## WORK TO COMPLETE
Please filter the data below down to the lines holding the string "Walker".

STORED DATA Start Marker

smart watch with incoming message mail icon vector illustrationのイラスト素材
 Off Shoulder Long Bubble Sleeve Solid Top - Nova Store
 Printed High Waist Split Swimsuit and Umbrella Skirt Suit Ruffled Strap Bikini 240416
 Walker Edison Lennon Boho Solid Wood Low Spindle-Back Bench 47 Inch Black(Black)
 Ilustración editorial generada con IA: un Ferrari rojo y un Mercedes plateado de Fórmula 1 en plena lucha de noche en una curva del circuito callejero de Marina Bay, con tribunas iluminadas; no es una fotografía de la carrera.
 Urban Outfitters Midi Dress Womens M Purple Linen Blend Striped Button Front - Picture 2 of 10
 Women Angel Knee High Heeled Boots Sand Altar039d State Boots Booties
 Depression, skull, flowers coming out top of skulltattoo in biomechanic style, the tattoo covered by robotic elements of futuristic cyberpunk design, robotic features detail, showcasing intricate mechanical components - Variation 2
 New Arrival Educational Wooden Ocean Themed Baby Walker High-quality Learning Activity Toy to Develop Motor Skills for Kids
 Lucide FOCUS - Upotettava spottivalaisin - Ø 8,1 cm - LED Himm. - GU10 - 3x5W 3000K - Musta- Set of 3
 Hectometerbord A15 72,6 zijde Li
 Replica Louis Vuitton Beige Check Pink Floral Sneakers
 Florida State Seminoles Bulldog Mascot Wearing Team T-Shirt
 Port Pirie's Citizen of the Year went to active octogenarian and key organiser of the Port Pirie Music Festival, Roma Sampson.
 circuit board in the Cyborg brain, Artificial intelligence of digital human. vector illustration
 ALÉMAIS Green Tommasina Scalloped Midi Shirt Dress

STORED DATA End Marker

## TASK SOLUTION
 Walker Edison Lennon Boho Solid Wood Low Spindle-Back Bench 47 Inch Black(Black)
 New Arrival Educational Wooden Ocean Themed Baby Walker High-quality Learning Activity Toy to Develop Motor Skills for Kids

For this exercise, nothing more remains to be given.